Alors que Laforgue arborait un visage aussi impassible que celui d’un acteur de Kabuki de l’empire du soleil levant, Abel sentait le sien s’empourprer et des ondes se propager le long de ses membres. L’adrénaline était de nature contagieuse. En dépit des efforts consentis pour accorder à Madame Jouvence une ultime chance de repentance, il savait qu’au prochain accès de bassesse, il sortirait de ses gonds.
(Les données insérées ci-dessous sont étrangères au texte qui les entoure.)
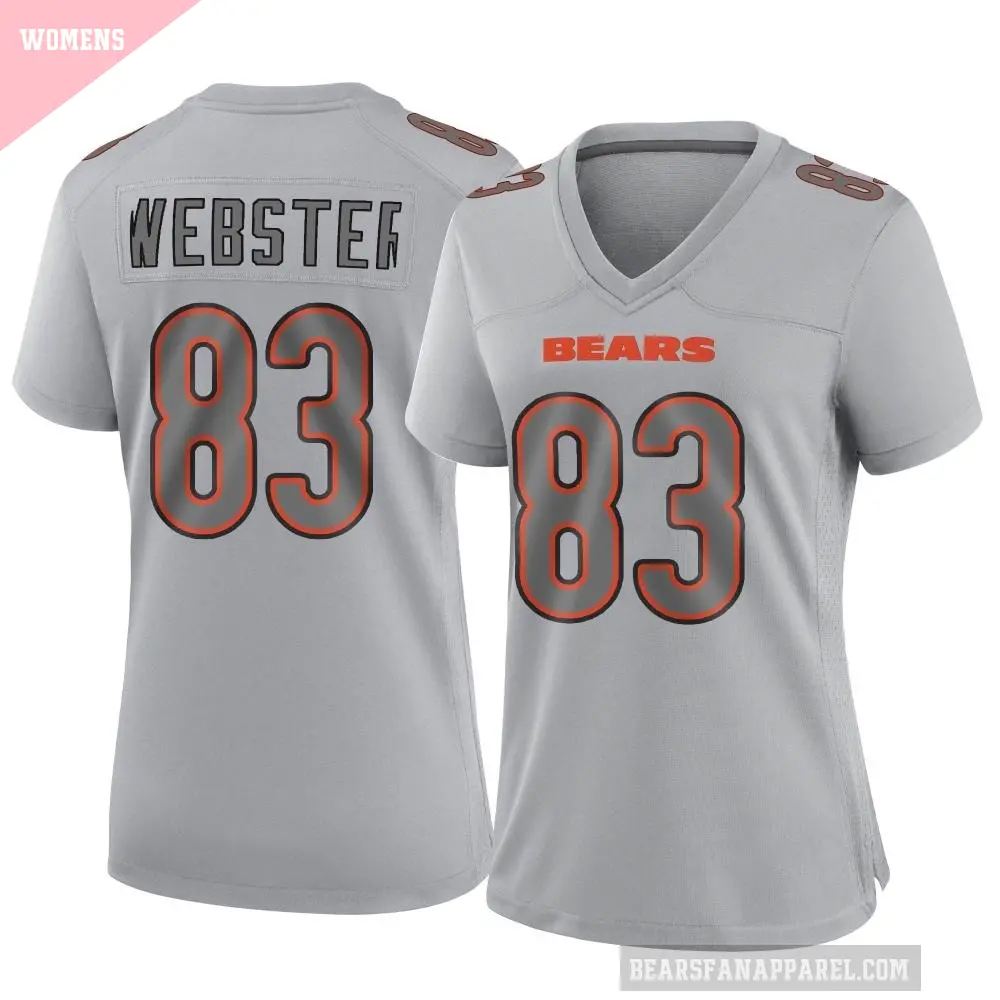 Women's Chicago Bears ＃83 Nsimba Webster Gray Game Atmosphere Fashion Jersey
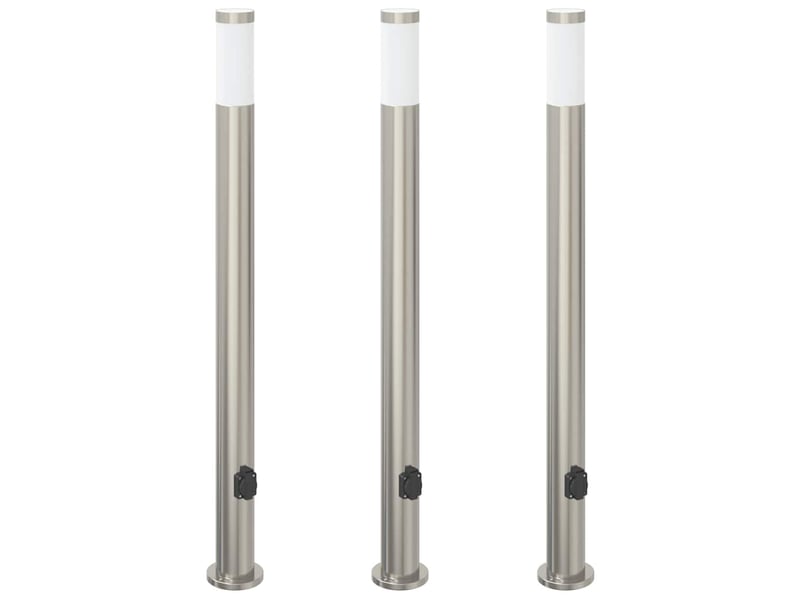 Borne lumineuse avec sortie lot de 3 110 cm acier inoxydable ip44 shl96425  - Conforama A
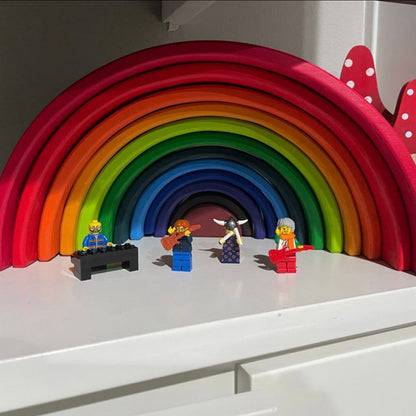 12-Piece Large Wooden Rainbow Stacking Blocks – Primary Colors | Pine or Linden Wood Options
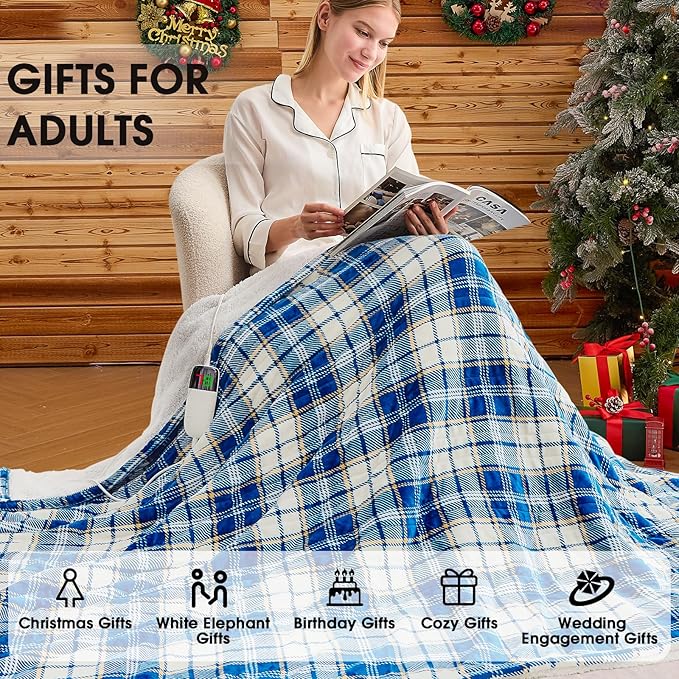 Heated Electric Blanket Twin Size,62X84 Heating Blanket with 10 Heats Levels&8 Hours Auto Off&Timer,Blue Plaid Soft Cozy Sherpa Blankets Warmer Gifts for Grandma Women Adult,Fast Heating Washable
Par fidélité au calendrier Abel ferma les yeux et fit son vœu.
       
Hélas, la victime suivante étant madame Leboeuf, la charmante directrice de l’école qui lui avait confié le jeune Cédric, Abel trouva l’occasion rêvée pour faire entendre sa voix.
         
Il interpella un à un ses collègues et sur un ton glacial et tranchant qu’il ne connaissait pas lui-même, les rappela à un devoir de respect élémentaire. Il pesa ses mots, les ajusta à la personnalité de chacun, les soumit au difficile exercice de l’examen de conscience. Il réserva son dernier trait pour monsieur le maire. N’ayant plus rien d’autre à dire, il annonça sa démission.
      
Dans un silence de plomb, il ramassa ses affaires, salua Laforgue et tourna les talons. Au moment où sa main se posait sur la poignée de la porte, un sifflement sec l’arrêta dans son geste. Tournant la tête, il vit Gontran deux doigts posés sur les lèvres. L’assemblée le dévisageait avec stupeur. Monsieur le maire laissa sa main retomber négligemment sur le bord de la table. La confusion se lisait sur son visage. Puis il fut secoué d’un petit rire nerveux qui peu à peu se transforma en un immense fou-rire. Les yeux humides, il se tapait sur les cuisses et lorsqu’il fut à même de pouvoir aligner quelques mots sans s’étrangler de rire, ce fut pour déclarer avec l’intonation de ses huit ans : « Je sais le faire… Je sais le faire… »
         
Abel sourit, ouvrit la porte et déclara sans se retourner :
« Je suis heureux pour toi, Gontran »
  
  
 
           

à suivre....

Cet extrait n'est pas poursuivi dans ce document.